Warnings and Precautions:

• Hyperglycemia: The medicine Capivasertib may cause hyperglycemia or elevated blood sugar. Some patients experienced severe instances, particularly those who required insulin or had type 1 diabetes. Hyperglycemia occurred in approximately 18 percent of patients, with severe cases occurring in 2.8 percent of cases. It is essential to regularly check blood sugar levels, and patients should call their doctor if they experience symptoms like increased thirst or urination. It may be necessary to modify the course of treatment, and a lifestyle change is advised.

• Diarrhea: Capivasertib can induce diarrhea, and in severe cases, dehydration may result. Diarrhea struck 72 percent of patients, with nine percent suffering from severe cases. It is crucial to watch for symptoms; people who experience diarrhea should start taking antidiarrheal medication as soon as it appears. Depending on the severity, dose modifications or cessation can be required.

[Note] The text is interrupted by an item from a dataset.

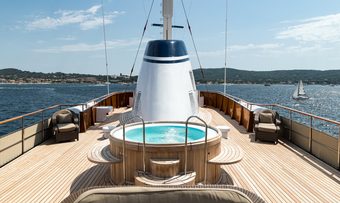 Paloma yacht charter lifestyle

• Cutaneous Adverse Reactions: When using Capivasertib, patients may have skin reactions such as palmar-plantar erythrodysesthesia (redness and pain on palms and soles due to chemotherapy) or erythema multiforme (target-like lesions caused by drugs or illnesses). Of the patients, 58 percent had these, with 17 percent having severe instances. It is essential to keep an eye out for skin responses, and seeing a dermatologist as soon as possible is advised. Depending on the severity, changes to the treatment may be necessary.

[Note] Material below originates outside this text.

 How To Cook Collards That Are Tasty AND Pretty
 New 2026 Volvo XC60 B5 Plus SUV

• Embryo-Fetal Toxicity: Research on animals has shown that Capivasertib can be harmful to a developing fetus. Effective contraception should be used both during and after therapy for persons who are pregnant or who may become pregnant in the future. Male patients should utilize contraception if they have female partners who are capable of having children. The drug is used in conjunction with Fulvestrant; further details on pregnancy and contraception are included in the prescribing information for Fulvestrant.

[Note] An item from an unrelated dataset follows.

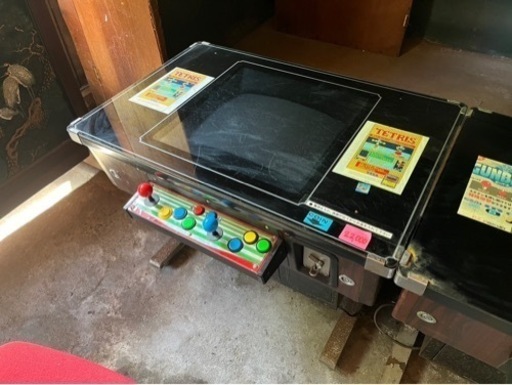 アーケードゲームの筐体（ジャンク）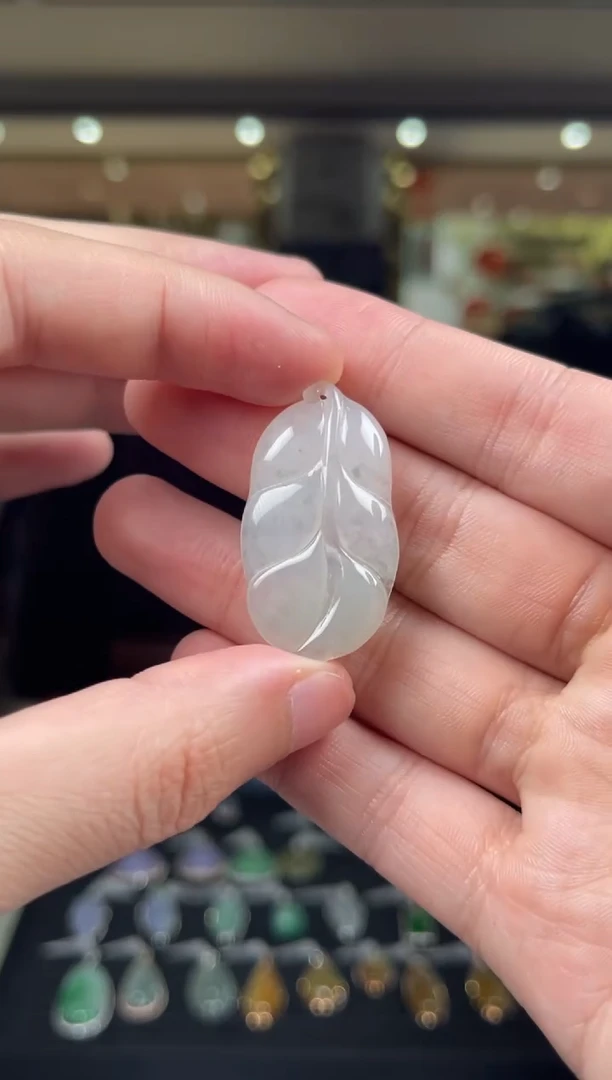 颈饰未镶嵌翡翠212号标签撕毁不退换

Use in Specific Populations:

• Pregnancy: If Capivasertib is used with Fulvestrant, the growing fetus may suffer. Women who are pregnant or intend to become pregnant should review the complete Fulvestrant information. Pregnant women or those who may become pregnant should be informed of the hazards, as animal studies have demonstrated negative consequences. Since there is no information about Capivasertib use during human pregnancy, caution is advised.

• Lactation: It is unclear how Capivasertib will affect nursing. There is a lack of information regarding Capivasertib in human milk, and it is advisable to use caution as it may cause harm to a breastfeeding infant.

• Reproductive Potential: Pregnancy testing is advised before beginning treatment since Capivasertib can be harmful to a fetus. It is recommended that women use effective contraception during and for one month following treatment and that men who have female partners use contraception for four months following the final dose.

• Pediatric Use: There is no proof of the safety or efficacy of Capivasertib in kids.

• Geriatric Use: Compared to younger patients, patients over 65 had increased rates of severe adverse events, dose modifications, interruptions, and permanent discontinuations, but there were no appreciable variations in Capivasertib's effectiveness.

• Renal Impairment: Mild to severe renal impairment does not require dose modification. There are no data on severe renal impairment.

• Hepatic Impairment: It is not advisable to change the dosage in cases of minor hepatic impairment. Caution is suggested as moderate impairment may enhance exposure to Capivasertib. There are no data available on severe liver impairment.